As obras de arte virtuais por eles criadas serão posteriormente realizadas em impressão tridimensional e expostas numa mostra de escultura.
Para Elliott Dodd, um dos alunos da Academia Real, esta é a primeira experiência com realidade vistual.
“O desafio é principalmente começar do zero com uma tecnologia que nunca usei. É como pegar numa ferramenta com que nunca trabalhámos mas onde há mecanismos que entendemos, uma espécie de descoberta intuitiva de um programa informático que nunca usámos”, explicou Dodd.
Um atelier virtual pode libertar o artista de uma série de constrangimentos e é isso que Elliott Dodd diz das primeiras experiências com esta tecnologia:
“Há um vasto leque de experiências a fazer, porque o software está numa fase inicial de desenvolvimento, numa versão inicial. É difícil prever como vão desenvolver-se e ser utilizados estes programas de desenho, comercialmente ou no campo artístico. Por isso tudo aquilo que fazemos é ainda terreno desconhecido.”
Os artistas recorrem a dois programas: Tilt Brush, um programa de pintura, e Kodon, um programa de modelagem tridimensional.
O equipamento informático necessário a esta tecnologia é disponibilizado pela companhia HTC (High-Tech Computer Corporation) de Taiwan.
“O que há de emocionante sobre a realidade virtual é que, pela primeira vez, se estão a encontrar o mundo real e o imaginário, ou o mundo virtual.
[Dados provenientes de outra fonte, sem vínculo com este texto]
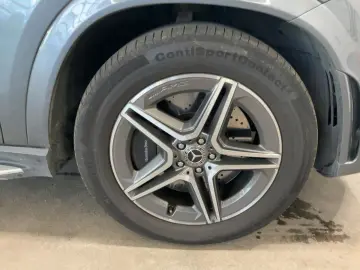 Mercedes-Benz GLE 350de 4Matic AMG Line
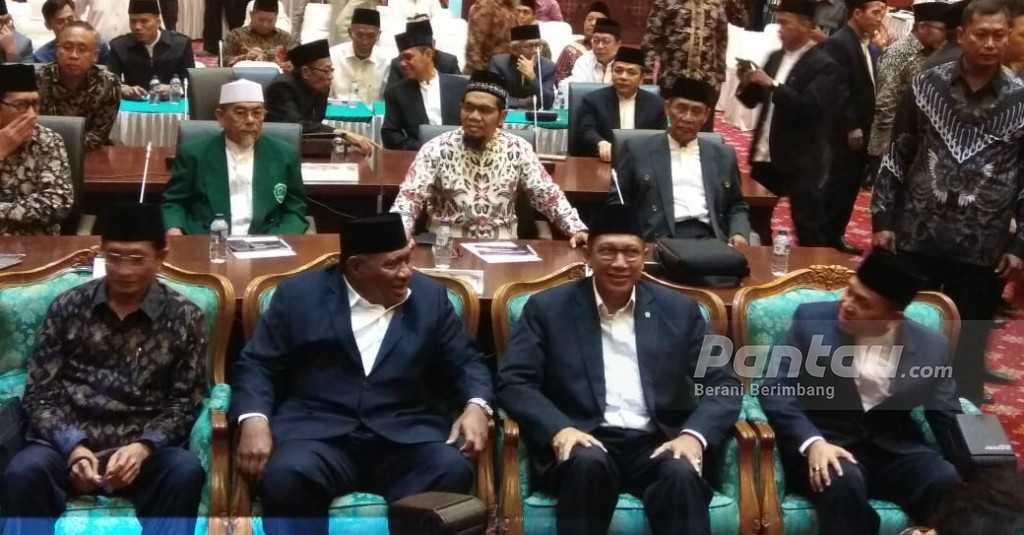 Menag Berharap Penetapan 1 Ramadhan Jadi Cermin Kebersamaan Umat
E como você pode ver aqui, esta noite, estes artistas entram no mundo virtual para criar peças de arte que depois trazemos para o mundo real como objetos tridimensonais – o que é um passo pioneiro”, afirmou Rikard Steiber, que se juntou à HTC para desenvolver o projeto de realidade virtual..
As obras serão expostas em janeiro de 2017 e os visitantes poderão interagir também com o processo criativo.